> _RAW DATA_
________

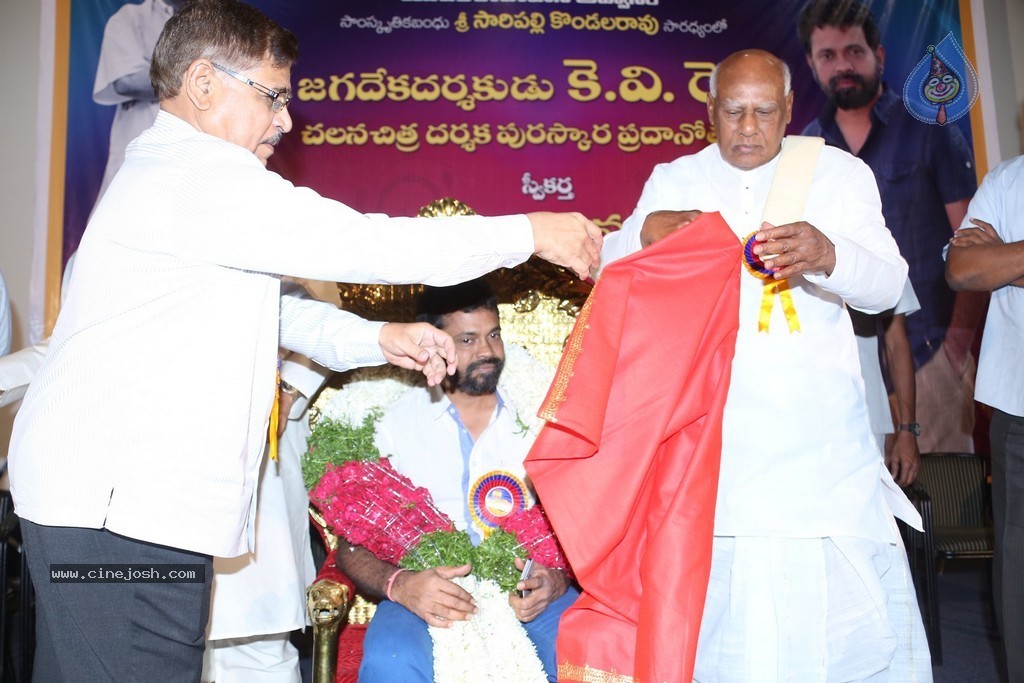 KV Reddy Award Presentation to Sukumar - 130 / 194 photos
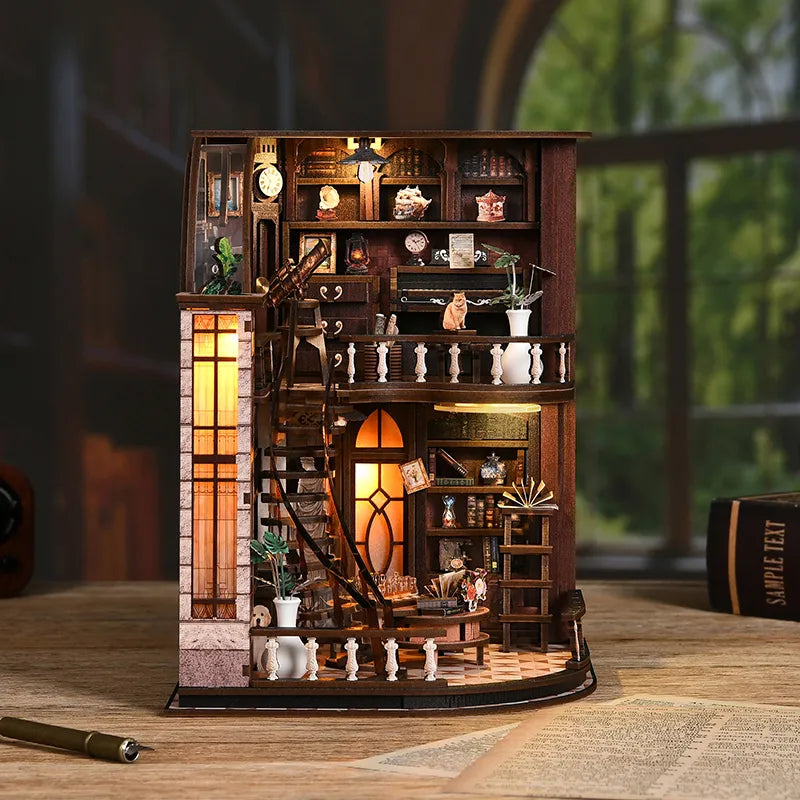 Maison Miniature - Bacchus Bookstore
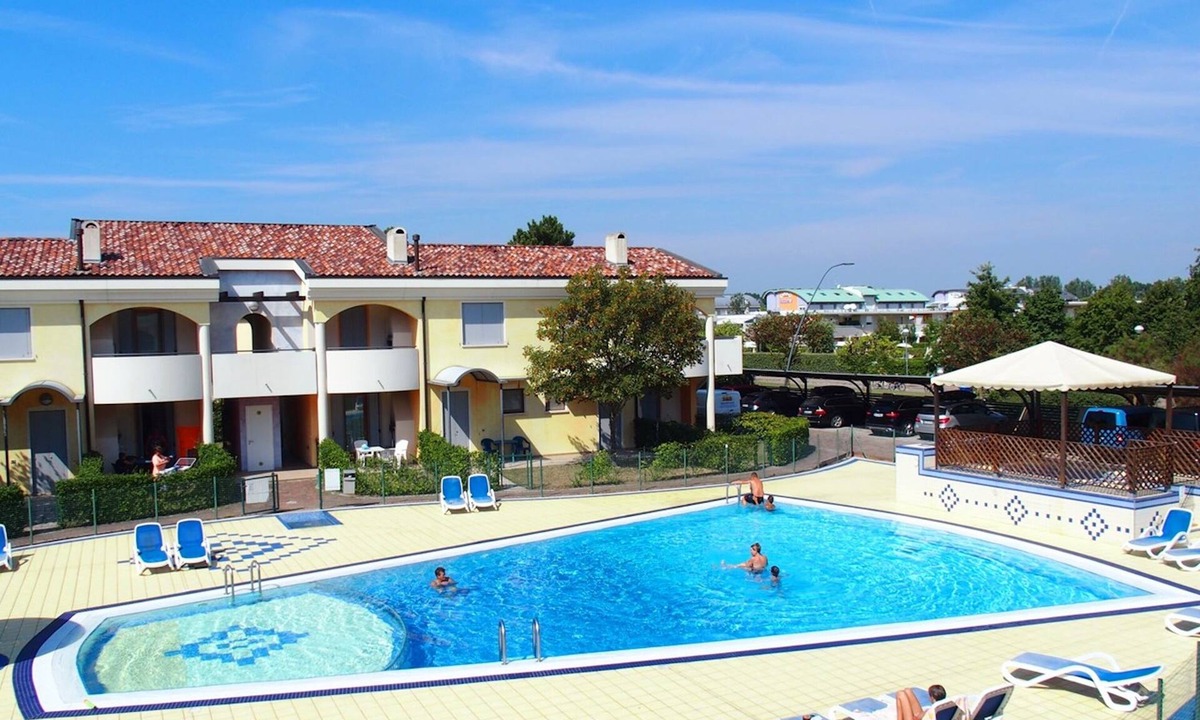 Bibione Lido del Sole Apartment | Nice apartment with swimming pool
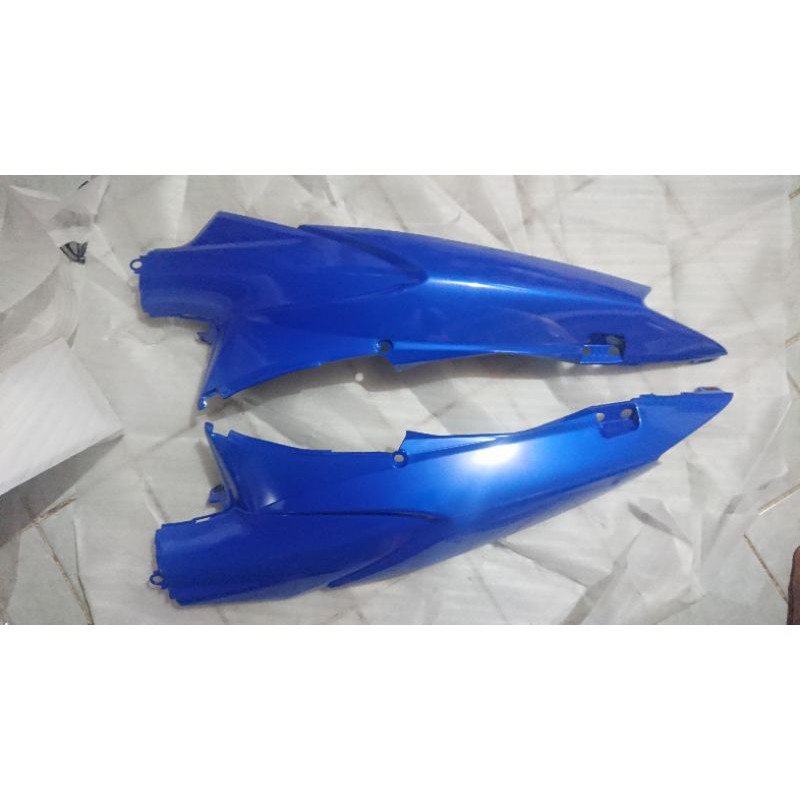 Cover Bodi - Body Samping Belakang Honda Karisma 125 - Kharisma 125 - Karisma D Original AHM Biru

________

> _WHAT NEEDS TO BE DONE_
Print the lines from the one that contains "Maison Miniature - Bacchus Bookstore" through the final line of the material above, exactly and only those, with pictures left out.

> _RESPONSE BELOW_
 Maison Miniature - Bacchus Bookstore
 Bibione Lido del Sole Apartment | Nice apartment with swimming pool
 Cover Bodi - Body Samping Belakang Honda Karisma 125 - Kharisma 125 - Karisma D Original AHM Biru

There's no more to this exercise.